Input data>

((

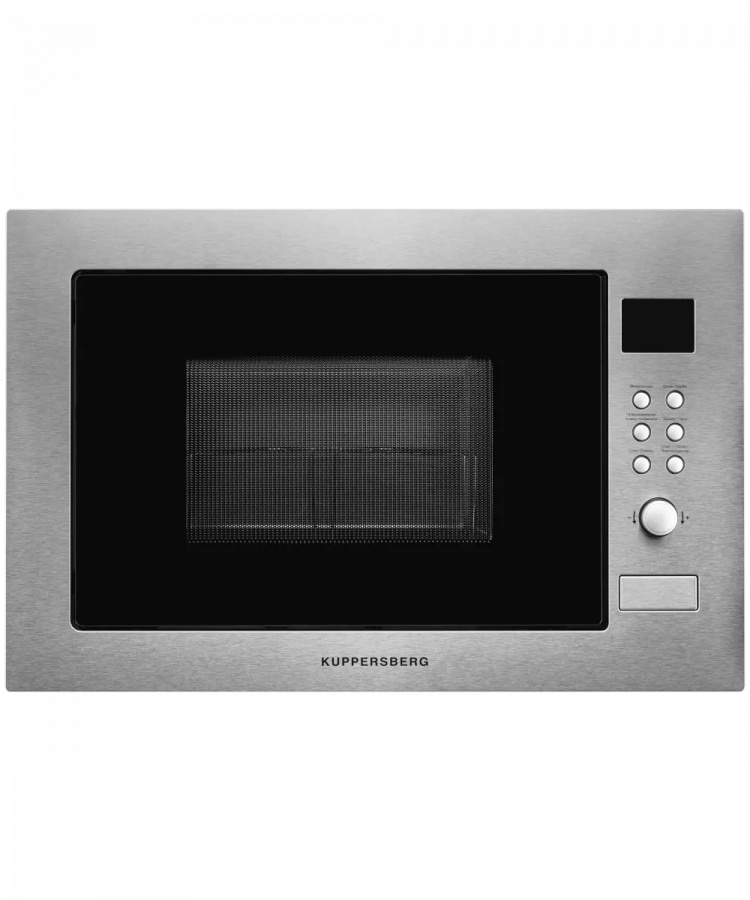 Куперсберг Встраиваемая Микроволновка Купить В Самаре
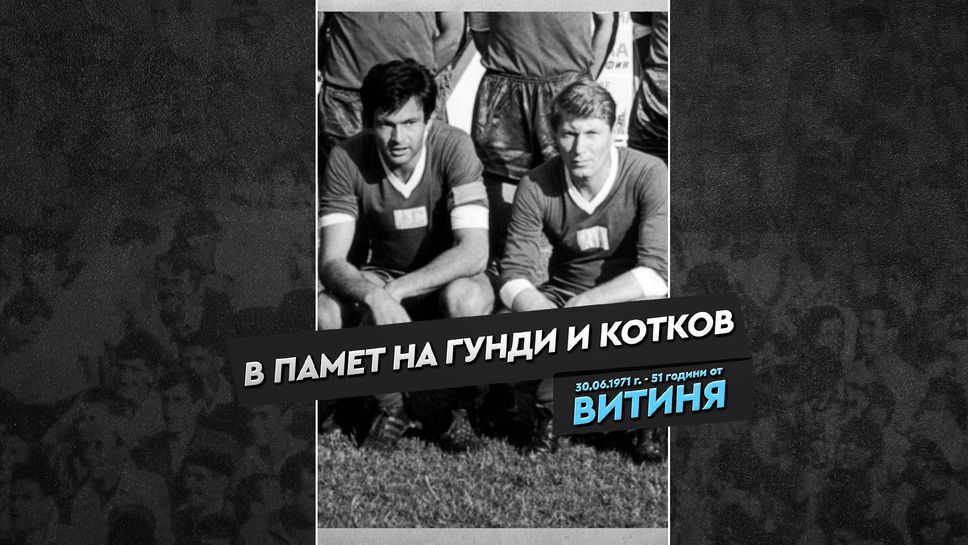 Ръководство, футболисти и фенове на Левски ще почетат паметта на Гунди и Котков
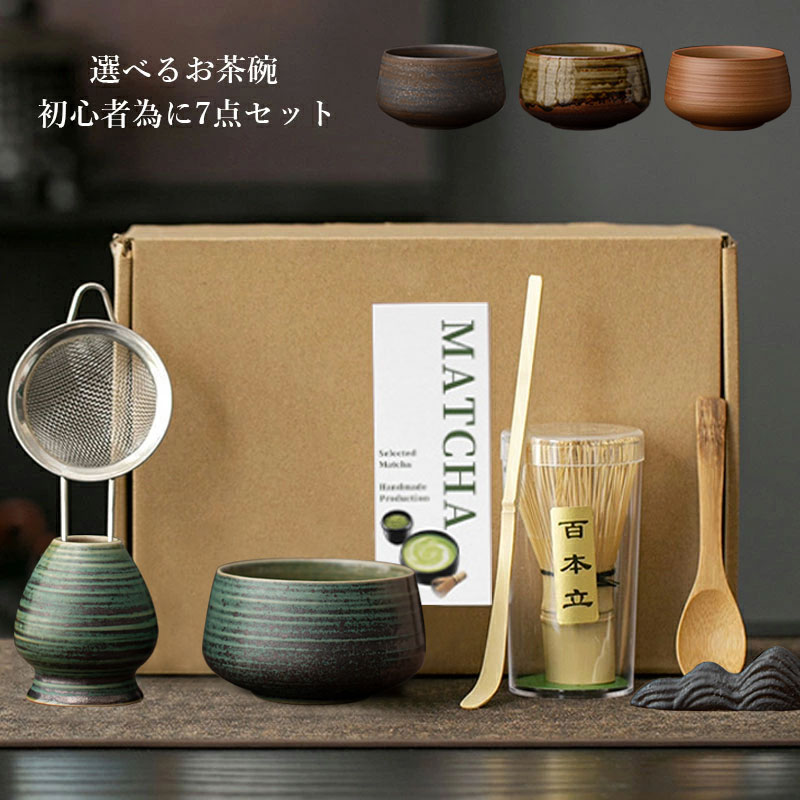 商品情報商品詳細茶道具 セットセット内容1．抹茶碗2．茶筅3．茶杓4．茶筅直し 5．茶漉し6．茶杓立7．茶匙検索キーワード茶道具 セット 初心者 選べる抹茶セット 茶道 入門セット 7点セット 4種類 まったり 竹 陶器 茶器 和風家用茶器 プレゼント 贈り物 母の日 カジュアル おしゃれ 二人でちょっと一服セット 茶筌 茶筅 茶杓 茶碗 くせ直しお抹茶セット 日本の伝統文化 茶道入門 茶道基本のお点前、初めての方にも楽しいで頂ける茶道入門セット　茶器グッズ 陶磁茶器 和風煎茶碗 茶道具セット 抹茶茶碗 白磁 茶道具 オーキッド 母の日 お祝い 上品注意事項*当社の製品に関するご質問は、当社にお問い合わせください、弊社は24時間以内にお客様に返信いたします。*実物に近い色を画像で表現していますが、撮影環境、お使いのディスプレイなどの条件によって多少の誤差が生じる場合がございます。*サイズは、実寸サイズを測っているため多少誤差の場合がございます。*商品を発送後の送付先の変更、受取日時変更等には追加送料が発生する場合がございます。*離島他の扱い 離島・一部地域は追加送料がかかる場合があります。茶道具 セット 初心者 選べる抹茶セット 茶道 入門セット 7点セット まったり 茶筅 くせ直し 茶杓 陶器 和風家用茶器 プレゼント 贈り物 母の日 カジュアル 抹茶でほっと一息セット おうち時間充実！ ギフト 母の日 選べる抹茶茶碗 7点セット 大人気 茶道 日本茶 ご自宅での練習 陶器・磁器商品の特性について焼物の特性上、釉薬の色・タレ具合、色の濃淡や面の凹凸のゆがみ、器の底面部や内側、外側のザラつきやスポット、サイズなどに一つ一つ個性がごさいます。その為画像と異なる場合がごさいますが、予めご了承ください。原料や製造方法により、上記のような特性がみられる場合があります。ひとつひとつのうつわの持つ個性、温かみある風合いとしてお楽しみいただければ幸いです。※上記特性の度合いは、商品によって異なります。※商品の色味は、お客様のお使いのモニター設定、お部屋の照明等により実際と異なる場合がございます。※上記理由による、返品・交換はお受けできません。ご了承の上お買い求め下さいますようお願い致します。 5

))

Work to be completed>
Copy word for word each line of the data above, from the first through the one containing "Ръководство, футболисти и", and include no pictures.

Exercise solution>
 Куперсберг Встраиваемая Микроволновка Купить В Самаре
 Ръководство, футболисти и фенове на Левски ще почетат паметта на Гунди и Котков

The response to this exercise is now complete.